▸ TASK
Give again, unaltered, the line with "Russia Swimming World Cup" and all lines that follow it in the listing below, minus any pictures.

▸ PROVIDED DATA
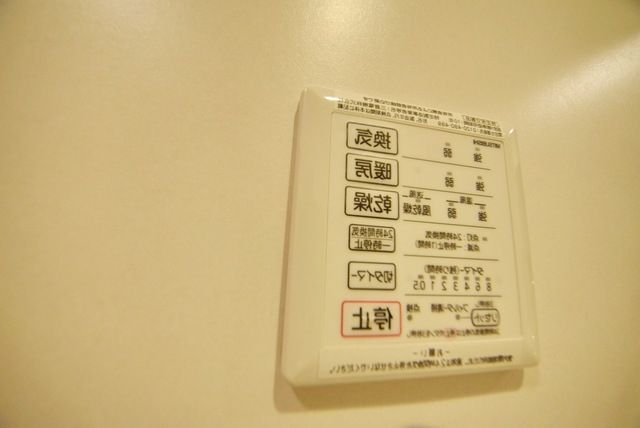 その他　※反転タイプ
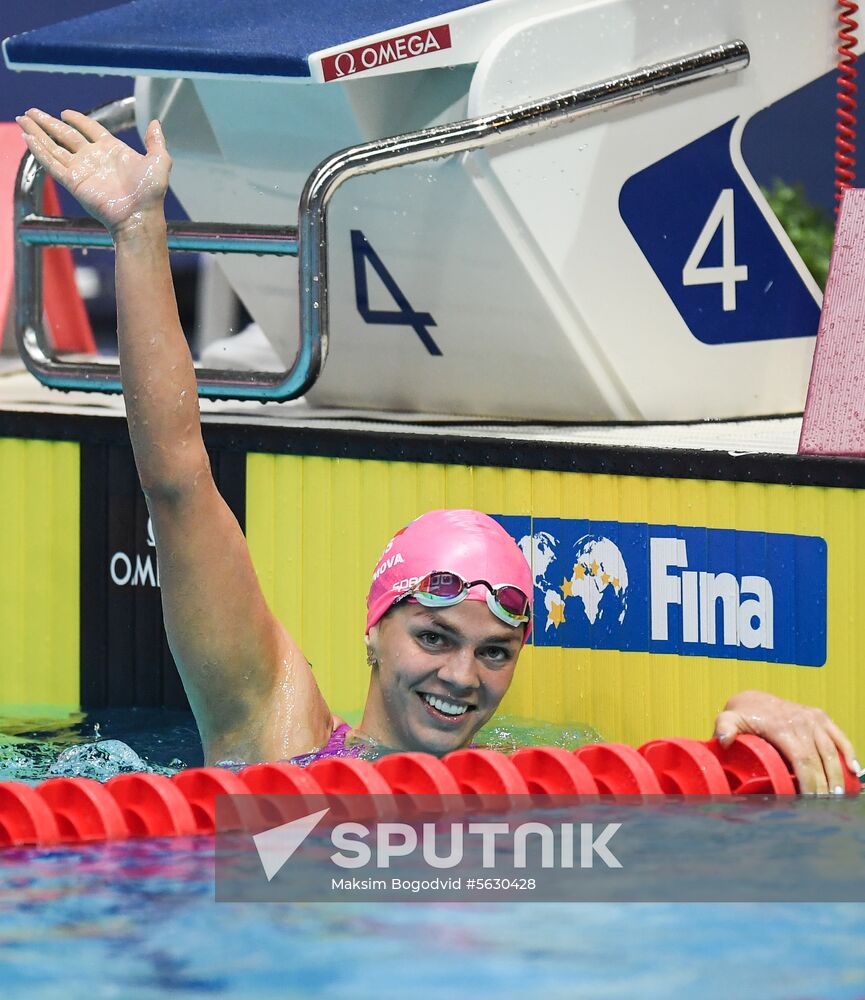 Russia Swimming World Cup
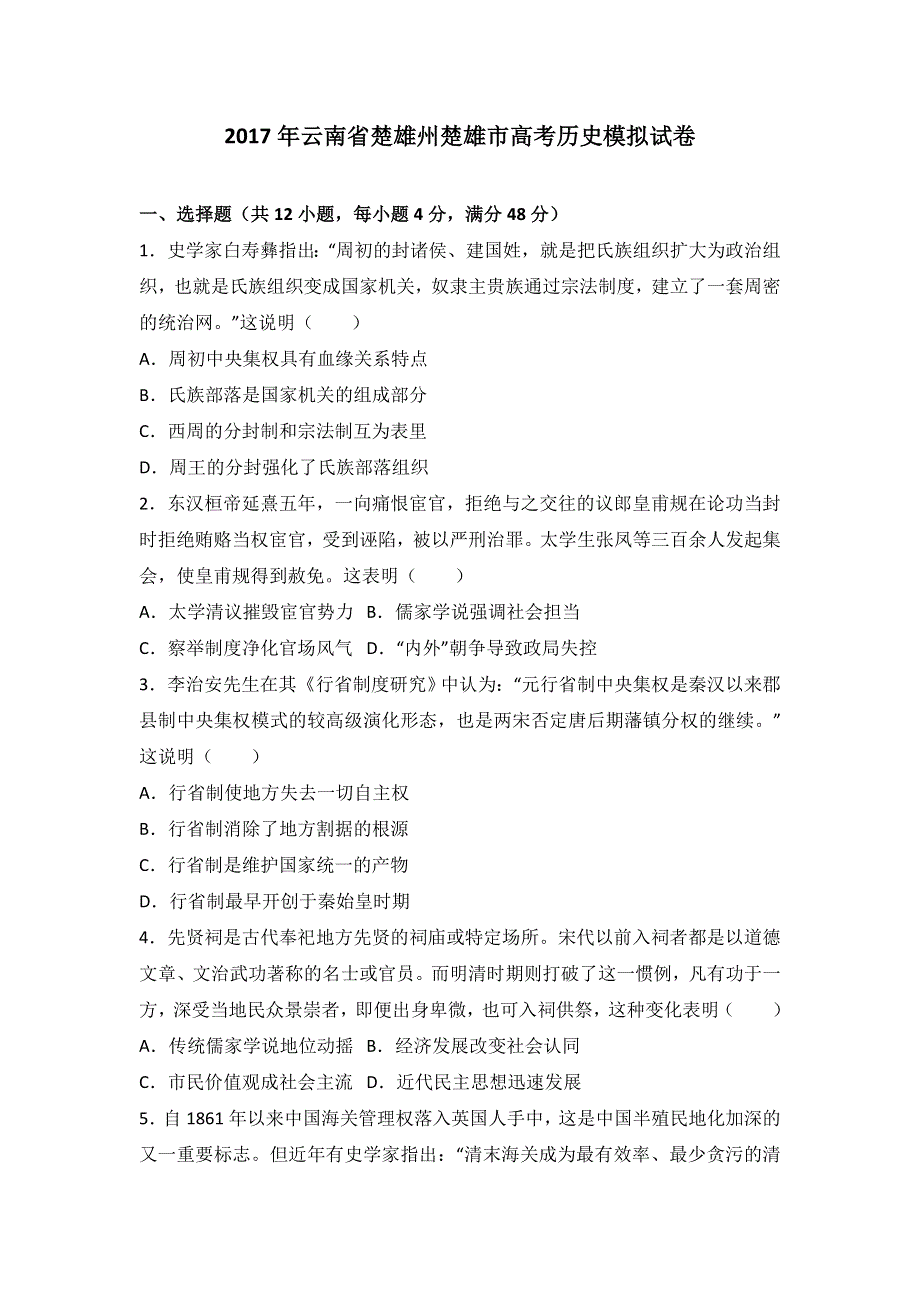 《解析》2017年云南省楚雄州楚雄市高考历史模拟试卷 WORD版含解析.doc_第1页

▸ RESULT OF THE TASK
 Russia Swimming World Cup
 《解析》2017年云南省楚雄州楚雄市高考历史模拟试卷 WORD版含解析.doc_第1页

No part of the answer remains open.